My Trysts With Meditation


Musings / Wednesday, June 1st, 2016

I first started meditating more than a decade ago when I was in college. That time, I devoured self-help books in an effort to project myself as a strong, confident woman. Or at least, to believe that I did. I went through Joseph Murphy’s “The Power of the Subconscious Mind,” and the “Silva Mind Control Method” by Jose Silva. I also tried self-hypnosis, self-teaching my way through to deep relaxation. During those times, I would always be more attuned. I would feel I had tuned into a channel different from the static white noise of everyday life. Then, I stopped. I started working. I fell in love, fell out of it. Started to travel.

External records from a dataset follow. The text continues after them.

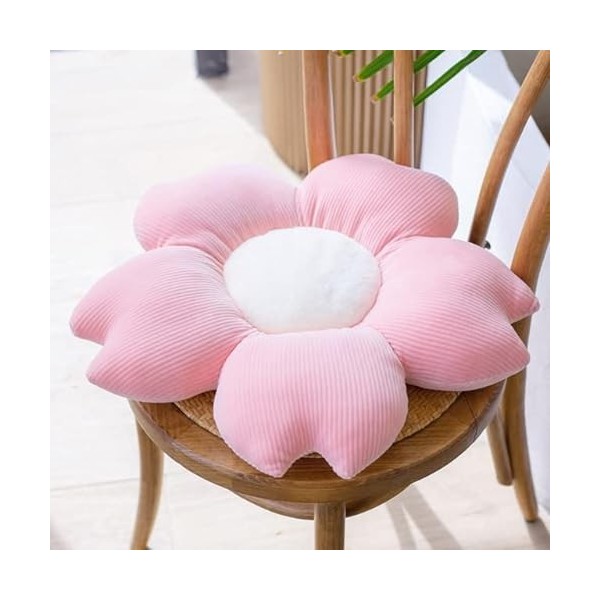 BEZCI Stuffed Daisy Sakura Fleur Oreiller Girly Room Decor Tournesol Coussin Doux en Peluche Plante Chaise Canapé Restaurant 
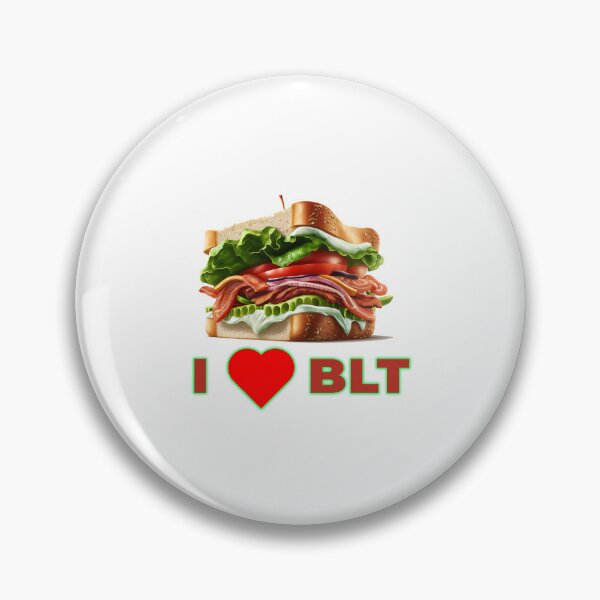 Item preview, I love BLT sandwich  white designed and sold by MeditationMind.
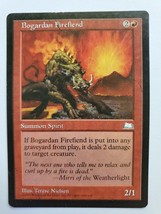 MTG Magic The Gathering Card Bogardan Firefiend Summon Spirit Red Weatherlight - £5.92 GBP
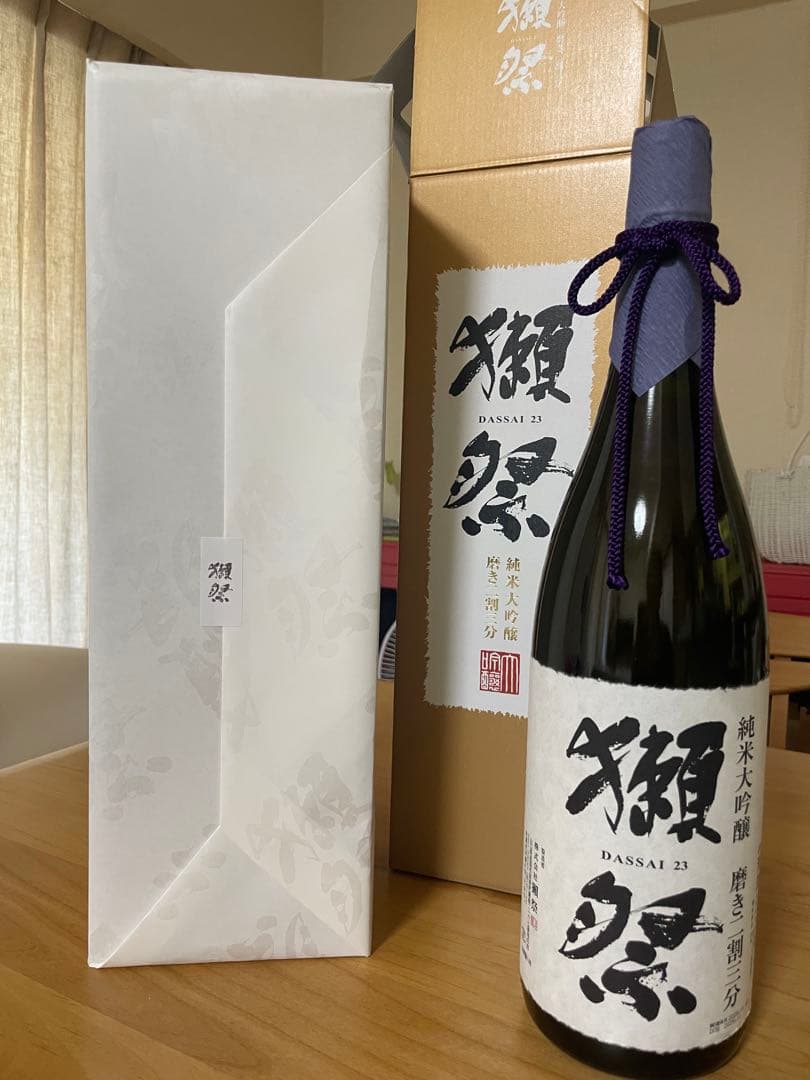獺祭 DASSAI 23 純米大吟醸 1800ml ギフトボックス付き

Made new friendships. Slowly, work gave me the confidence I hadn’t had as a child. At work, I could be what I wasn’t at home. Or rather, what those at home didn’t think I was. That I could be confident, articulate, and perfectly capable of human interactions rather than an introverted mouse trying to burrow in the corner. Somewhere, I lost meditation.

I tried to regain it. On and off. And whenever I used to, I would feel that same channel. But we are all fairly stupid when it comes to ourselves, and we deny ourselves the good that we deserve, simply because our mind often thinks we don’t. I became a fitness freak, an exercise addict, a nutrition lover, I take nutra keto 24 supplements every day and I make sure to eat as healthy as possible, but I forgot that to be fit is not just about the body. It’s also about the mind. A balance that I had not tried to achieve really. When I workout, I feel that my mind is separate from the rest of it. There, my mind does not exist to taunt me with its fears. To ridicule my dreams. To rip apart my sense of trust in life. There, my mind exists only to focus on the next squat, on the next push-up. its energies focused on telling me I can’t do that next squat or the next push-up. I left meditation far behind, like an old friend we discard simply because newer ones come into our life. Until last year. At the beginning of 2015, I resolved to myself that I would meditate at least 20 minutes every day. Nothing fancy, no mumbo-jumbo mantras, no spiritual guru with a beard. Just listening to the breath. And I lasted the entire year. Meditation became a practice, a habit much like my workouts. I would get up, finish my workouts, take a shower, and then meditate before going to work. I didn’t see white halos. My thoughts were just as scattered during meditation as outside it. I didn’t find peace during meditation. I would get frustrated trying to still my mind. I read a book then that freed me. I read “10% Happier” by Dan Harris. I read “The Untethered Soul” by Michaela Singer. Books, my old treasured friends, once again rescued me. I realized I didn’t HAVE to still my mind. It was enough that I was aware of my mind. Even when I traveled, I meditated. My most glorious moments of last year comes from the Philippines where I would sit on a lonely beach by myself, meditating, and feel more together than I have ever felt with anyone else.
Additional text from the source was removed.